Exercise materials Block Start
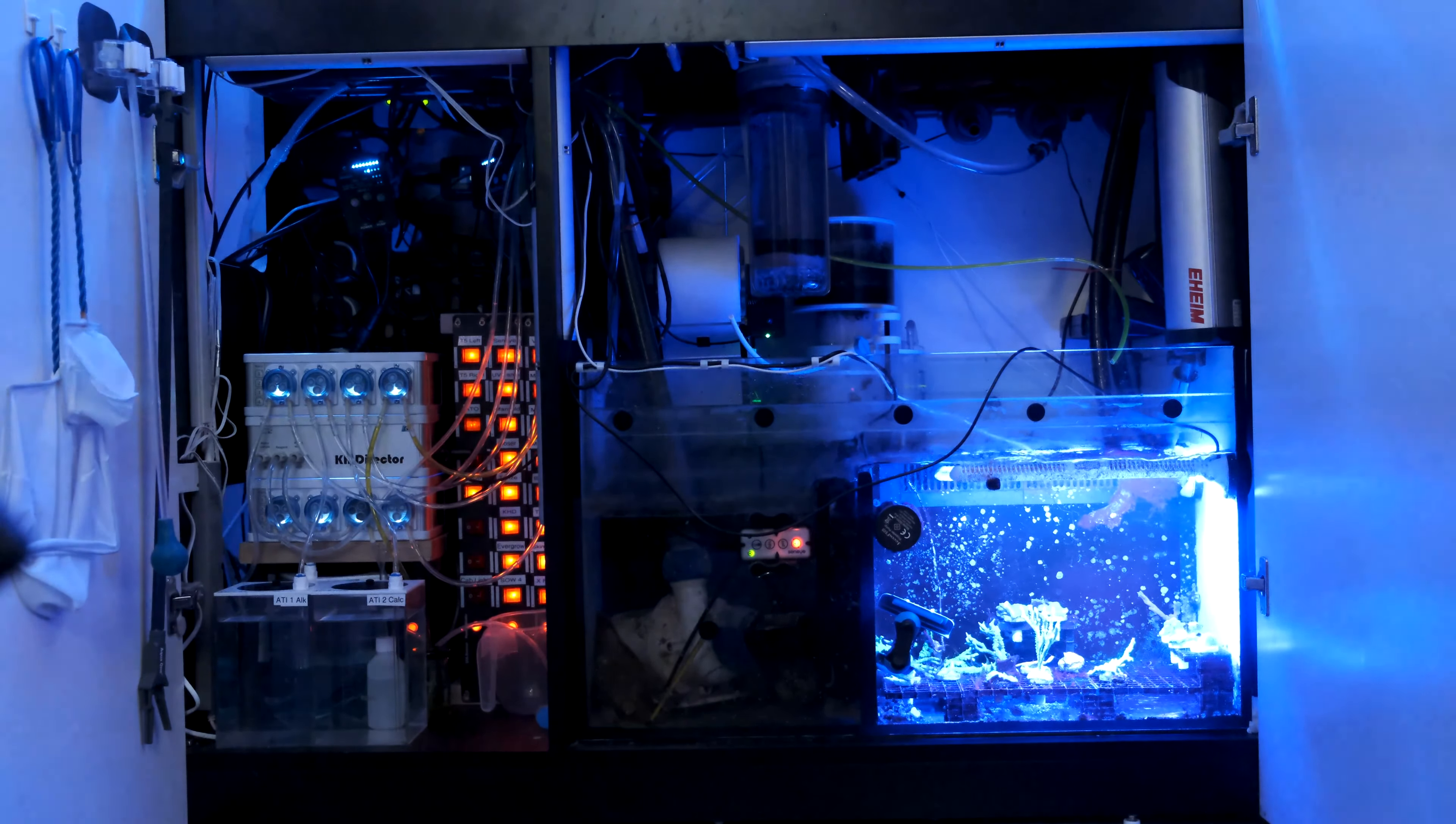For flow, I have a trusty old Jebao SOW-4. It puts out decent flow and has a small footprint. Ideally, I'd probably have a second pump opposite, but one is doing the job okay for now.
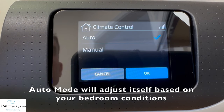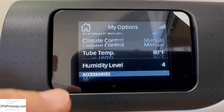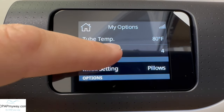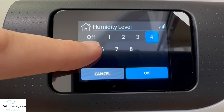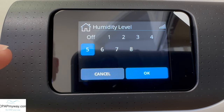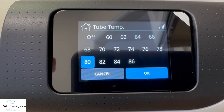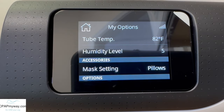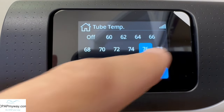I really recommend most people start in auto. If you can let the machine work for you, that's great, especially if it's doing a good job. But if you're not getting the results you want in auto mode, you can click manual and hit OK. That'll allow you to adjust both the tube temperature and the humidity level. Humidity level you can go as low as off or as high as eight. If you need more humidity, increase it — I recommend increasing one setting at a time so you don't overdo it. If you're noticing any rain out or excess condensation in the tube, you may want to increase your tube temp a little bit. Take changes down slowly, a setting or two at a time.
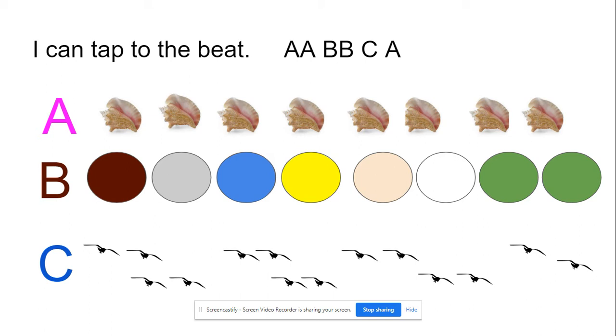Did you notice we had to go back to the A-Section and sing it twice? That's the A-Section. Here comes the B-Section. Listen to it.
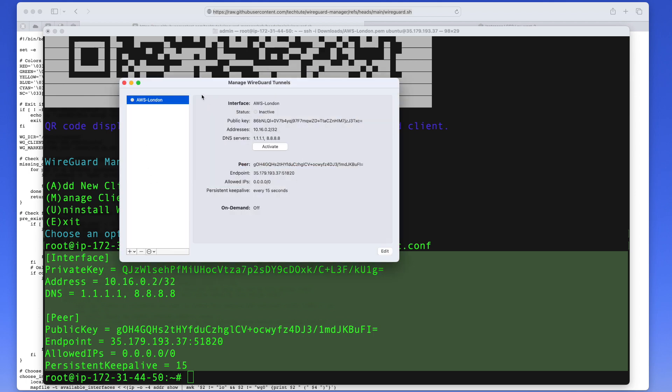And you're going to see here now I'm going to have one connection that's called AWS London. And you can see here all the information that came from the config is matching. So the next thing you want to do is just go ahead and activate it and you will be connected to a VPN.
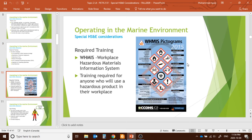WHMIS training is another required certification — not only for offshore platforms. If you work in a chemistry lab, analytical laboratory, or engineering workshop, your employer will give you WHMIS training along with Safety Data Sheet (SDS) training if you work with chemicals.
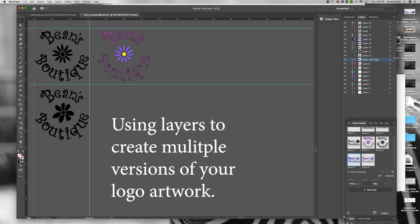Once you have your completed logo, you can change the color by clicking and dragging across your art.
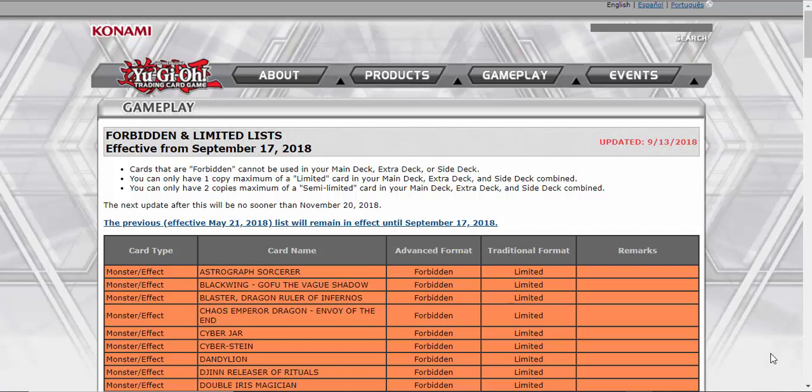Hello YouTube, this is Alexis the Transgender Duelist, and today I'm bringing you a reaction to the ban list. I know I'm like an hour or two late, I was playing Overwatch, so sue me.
Exercise materials Block End
Exercise materials Block Start
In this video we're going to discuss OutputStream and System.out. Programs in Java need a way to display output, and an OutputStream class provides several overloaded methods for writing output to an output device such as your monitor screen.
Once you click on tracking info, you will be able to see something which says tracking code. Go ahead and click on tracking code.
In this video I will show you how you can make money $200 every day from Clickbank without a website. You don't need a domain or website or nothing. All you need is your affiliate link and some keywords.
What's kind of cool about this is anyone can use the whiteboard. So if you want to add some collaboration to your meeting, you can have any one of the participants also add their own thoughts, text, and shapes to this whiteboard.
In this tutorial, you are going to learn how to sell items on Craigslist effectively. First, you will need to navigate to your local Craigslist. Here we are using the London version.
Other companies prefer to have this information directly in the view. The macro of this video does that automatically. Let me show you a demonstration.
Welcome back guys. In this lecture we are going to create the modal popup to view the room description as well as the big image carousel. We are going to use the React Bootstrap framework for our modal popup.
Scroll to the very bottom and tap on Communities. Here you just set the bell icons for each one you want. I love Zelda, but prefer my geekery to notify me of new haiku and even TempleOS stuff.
Exercise materials Block End
Exercise materials Block Start
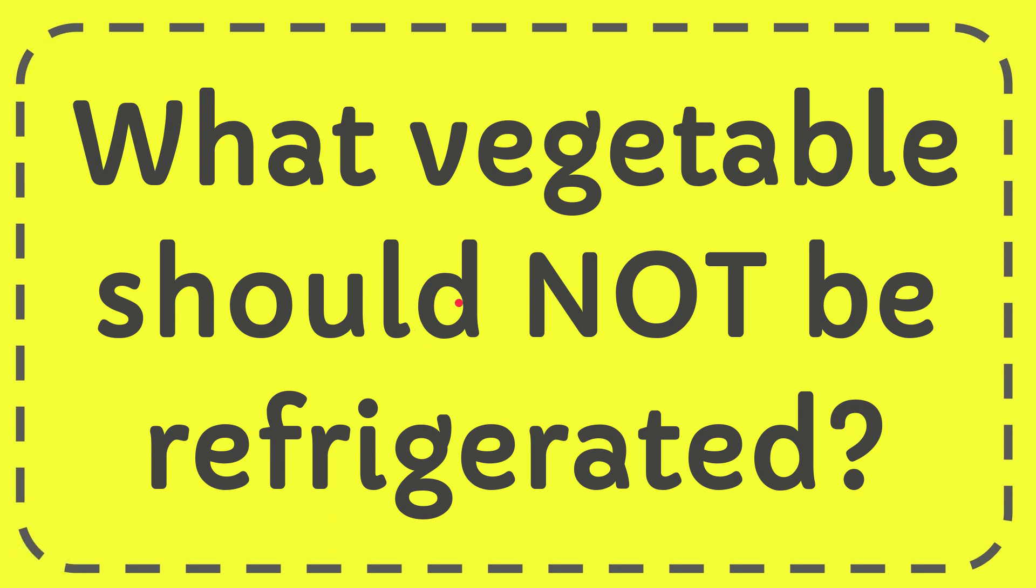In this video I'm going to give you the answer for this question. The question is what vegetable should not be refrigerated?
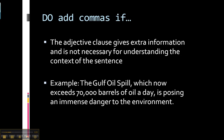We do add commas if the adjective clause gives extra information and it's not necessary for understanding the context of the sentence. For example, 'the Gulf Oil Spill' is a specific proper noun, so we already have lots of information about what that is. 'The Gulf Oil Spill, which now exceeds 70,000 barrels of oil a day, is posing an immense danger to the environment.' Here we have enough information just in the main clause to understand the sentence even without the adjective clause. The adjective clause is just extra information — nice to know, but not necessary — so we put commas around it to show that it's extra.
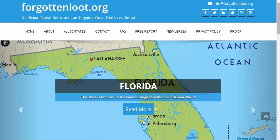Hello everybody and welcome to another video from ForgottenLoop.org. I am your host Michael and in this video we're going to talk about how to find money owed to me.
Exercise materials Block End
**Exercise details:**
Each line above from the one with "What's kind of" up to and including the one with "In this tutorial, you" must be set down exactly, and no line outside that span may appear.

**Result:**
What's kind of cool about this is anyone can use the whiteboard. So if you want to add some collaboration to your meeting, you can have any one of the participants also add their own thoughts, text, and shapes to this whiteboard.
In this tutorial, you are going to learn how to sell items on Craigslist effectively. First, you will need to navigate to your local Craigslist. Here we are using the London version.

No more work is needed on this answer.